# YOUR TASK
Copy out the listing that follows, exact in every word, and skip the images.

# DATASET EXTRACT
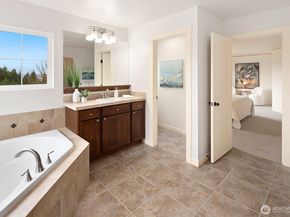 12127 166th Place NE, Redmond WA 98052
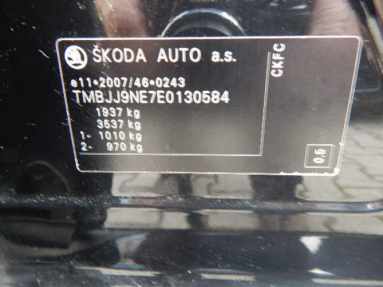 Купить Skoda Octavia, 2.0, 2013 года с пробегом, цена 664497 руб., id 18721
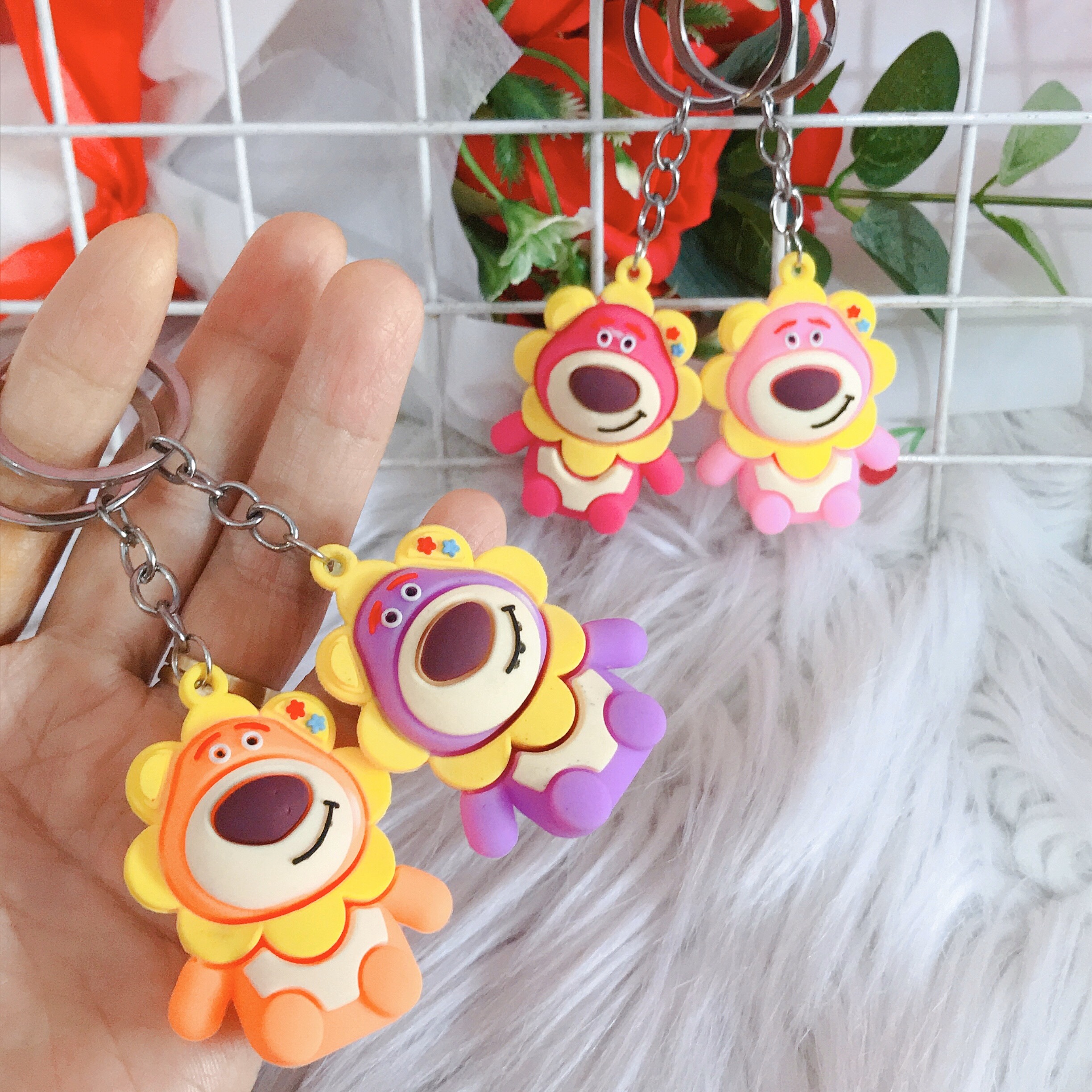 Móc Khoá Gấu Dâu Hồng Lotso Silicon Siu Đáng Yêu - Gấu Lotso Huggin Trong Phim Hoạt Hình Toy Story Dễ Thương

# ANSWER BELOW
 12127 166th Place NE, Redmond WA 98052
 Купить Skoda Octavia, 2.0, 2013 года с пробегом, цена 664497 руб., id 18721
 Móc Khoá Gấu Dâu Hồng Lotso Silicon Siu Đáng Yêu - Gấu Lotso Huggin Trong Phim Hoạt Hình Toy Story Dễ Thương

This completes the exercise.